Descrição
Organizadoras: Cynthia Valente , Maria de Fátima de Souza Moretti e Raquel Cardoso de Faria e Custódio
ISBN: 978-85-7474-926-6
Páginas: 344 il.
Peso: 400g
Ano: 2016
Prefácio
“No panorama atual do mundo, a questão capital é saber-se como ser um eu mesmo sem sufocar o outro, e como abrir-se ao outro sem asfixiar o eu mesmo.”
(E. Glissant, Introduction à une Poétique du Divers, 1996)

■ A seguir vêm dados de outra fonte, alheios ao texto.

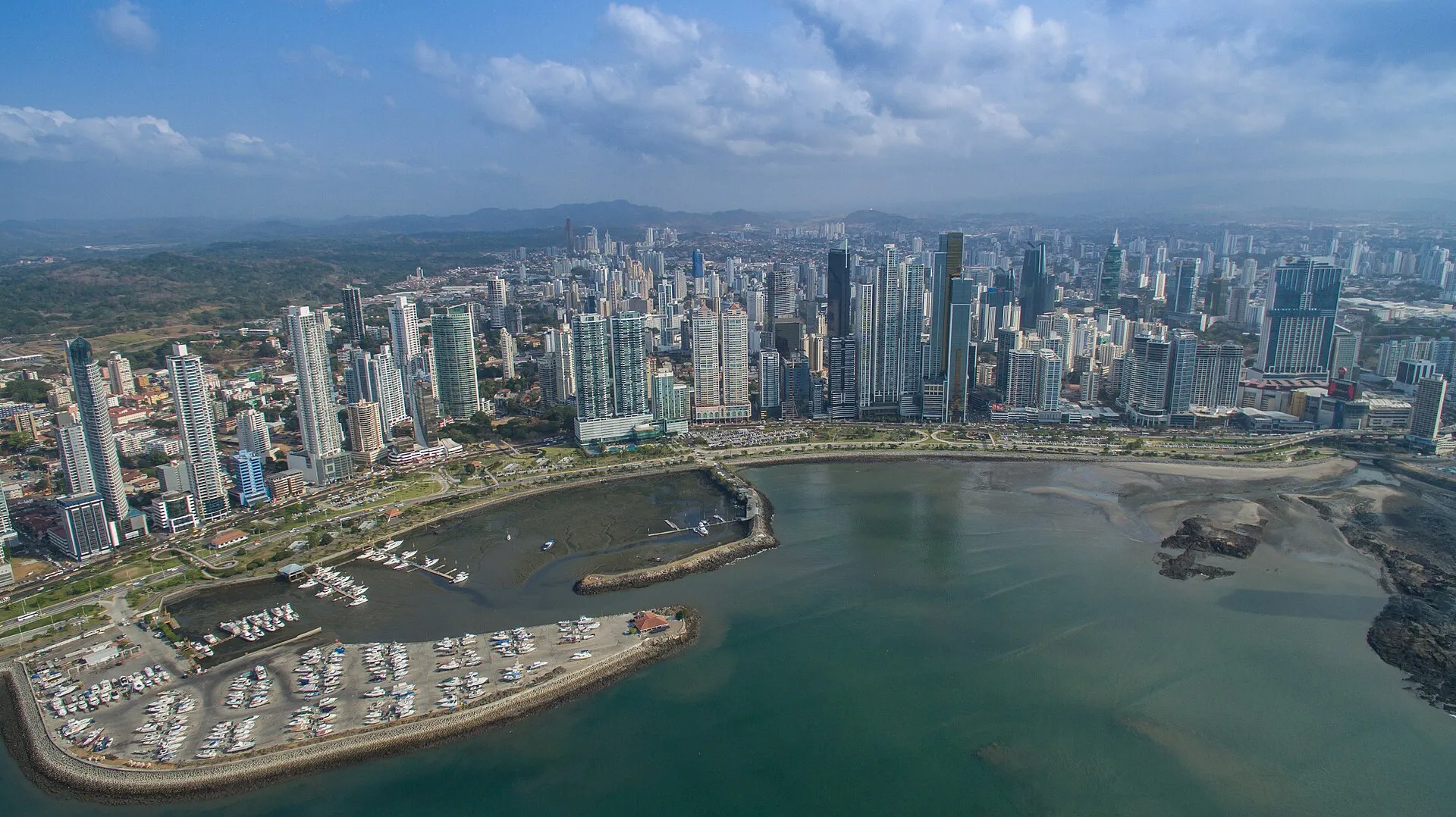 Aerial view of Panama City financial district skyline and Panama Bay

Historicamente, os ensaios latino-americanos foram adquirindo consistência como um dos canais de reflexão do Estado moderno ainda colonial. E ao longo do tempo, esse gênero literário vai penetrando nas narrativas breves ou longas. Jorge Luis Borges foi um mestre em formatar “contos ensaísticos”, marcando a ficção ocidental com essa contaminação. Outros escritores da chamada nova narrativa latino-americana, dentre eles, Augusto Roa Bastos, embutem em suas obras esse procedimento. Entre outros procedimentos marcantes, no romance Yo El supremo (1974), por exemplo, há uma passagem que pode servir a este prefácio como uma das marcas, se não de uma profecia, pelo menos como um dos traços premonitórios da literatura para tempos como estes, março de 2016, no Brasil:
El Paraguay es el centro de la América Meridional, núcleo geográfico, histórico, social, de la futura integración de los Estados independientes en esta parte de América. La suerte del Paraguay es la suerte del destino político americano (ROA BASTOS,1997, p. 107).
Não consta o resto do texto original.